Bertasbih[1041] kepada Allah di masjid-masjid yang telah diperintahkan untuk dimuliakan dan disebut nama-Nya di dalamnya, pada waktu pagi dan waktu petang,
(surat An Nuur (24) ayat 36)

[1041] Yang bertasbih ialah laki-laki yang tersebut pada ayat 37 berikut.
Sekarang lihatlah keadaan yang terjadi di dalam kehidupan sehari-hari, dimana sebuah Operator Selular baru akan memberikan seluruh fasilitas layanan telekomunikasi jika pengguna telepon telah memenuhi kewajiban yang dipersyaratkan Operator Selular. Sekarang bagaimana jadinya jika saldo pulsa yang kita miliki hanya Rp.50,- tetapi kita berharap memperoleh SLI, SLJJ, GPRS, MMS dan lain sebagainya? Jika ini yang terjadi jangan pernah berharap Operator Selular mau memberikan segala fasilitas yang dimilikinya kepada diri kita. Sekarang bagaimana dengan ALLAH SWT?

ALLAH SWT pun tidak akan pernah memberikan kepada diri kita segala fasilitas atau segala janjinya, jika diri kita tidak mau memenuhi segala syarat dan ketentuan yang telah ditentukan ALLAH SWT. Yang menjadi persoalan saat ini adalah kita tidak mau memenuhi segala ketentuan ALLAH SWT tetapi berharap Syurga atau berharap memperoleh segala yang dijanjikan oleh ALLAH SWT seolah-olah cukup dengan Miss Call kepada ALLAH SWT maka selesai sudah kewajiban diri kita kepada ALLAH SWT. Sebagai KHALIFAH di muka bumi, buang jauh-jauh harapan tadi, jangan pernah lakukan ibadah wajib dan sunnah secara Miss Call, sekarang lakukan aktivasi keimanan, lakukan ibadah wajib dan sunnah serta selalu isi saldo amal shaleh dari waktu ke waktu sebanyak mungkin, tanpa harus menunggu waktu.

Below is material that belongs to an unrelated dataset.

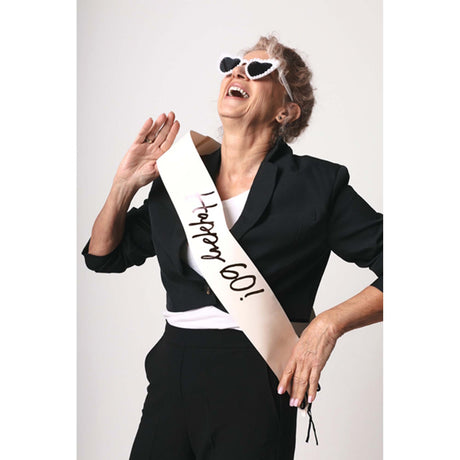 Elegant Milestone Happy 60 Sash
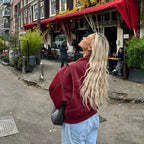 Wine Red Women's Oversized Quilted Bomber Jacket with Contrast Stitching & Zip Front - Street Back Pose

D.  JANGAN DUSTAKAN AYAT-AYAT ALLAH SWT


Kembali kepada cerita tentang Televisi yang kita beli, setelah menerima Buku Manual dari Pabrikan, bolehkah kita melanggar apa-apa yang telah dikemukakan di dalam Buku Manual? Sepanjang kita menginginkan Televisi  berfungsi dengan baik yaitu Gambar dan Suara yang jelas dan terang, tahan lama serta tidak sering ngadat, lakukan apa-apa yang diperintahkan Pabrikan dan apa-apa yang dilarang Pabrikan jangan pernah lakukan. Ini berarti antara Pabrikan  dan Buku Manual tentang Televisi merupakan satu kesatuan atau Buku Manual sesuatu yang tidak dapat dipisahkan dengan Pabrikan. Selanjutnya jika Televisi saja harus di operasikan dan dijalankan sesuai dengan Buku Manualnya, sekarang bagaimana dengan ALLAH SWT dengan Al-Qur'an yang merupakan Buku Manual bagi Manusia? Jika Manusia atau diri kita mau seperti Televisi, maka kitapun Wajib melaksanakan Buku Manual yang telah ALLAH SWT berikan yaitu Al-Qur'an, terkecuali manusia memang tidak mau Selamat atau memang ingin bergabung dengan Syaitan pulang kampung ke Neraka Jahannam.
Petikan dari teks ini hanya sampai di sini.